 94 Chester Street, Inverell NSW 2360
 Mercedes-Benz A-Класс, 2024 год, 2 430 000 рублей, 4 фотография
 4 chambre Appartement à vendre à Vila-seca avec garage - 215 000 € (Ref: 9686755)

==

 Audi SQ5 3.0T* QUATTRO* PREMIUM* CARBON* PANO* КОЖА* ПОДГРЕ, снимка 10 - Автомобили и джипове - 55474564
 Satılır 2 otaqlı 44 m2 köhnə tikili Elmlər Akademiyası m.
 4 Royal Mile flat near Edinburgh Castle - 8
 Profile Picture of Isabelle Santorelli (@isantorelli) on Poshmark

* * *

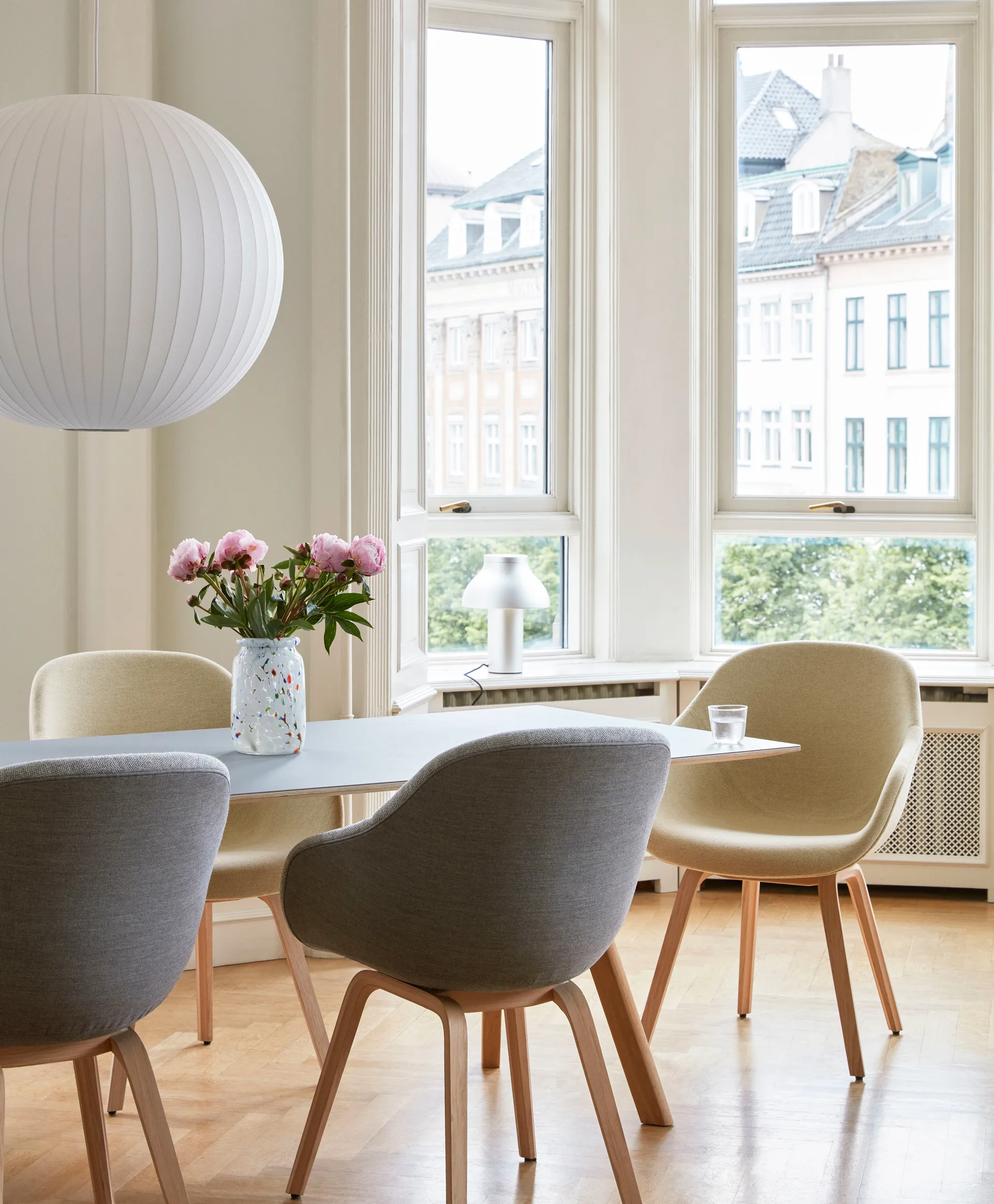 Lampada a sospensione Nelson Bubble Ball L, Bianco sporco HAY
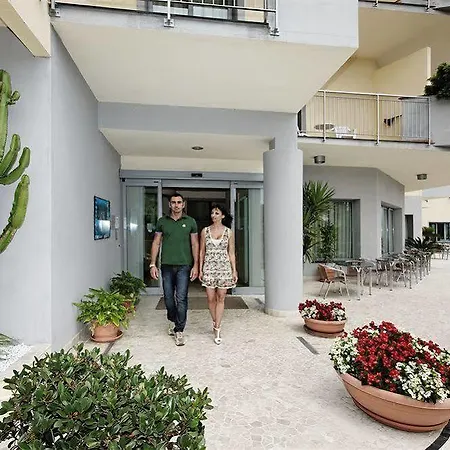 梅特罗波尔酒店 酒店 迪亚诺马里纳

- ACTIVITY -
Above are the records; from them, give again exactly the lines from the one containing "Mercedes-Benz A-Класс, 2024" through the one containing "4 chambre Appartement", both included.

- OUTPUT -
 Mercedes-Benz A-Класс, 2024 год, 2 430 000 рублей, 4 фотография
 4 chambre Appartement à vendre à Vila-seca avec garage - 215 000 € (Ref: 9686755)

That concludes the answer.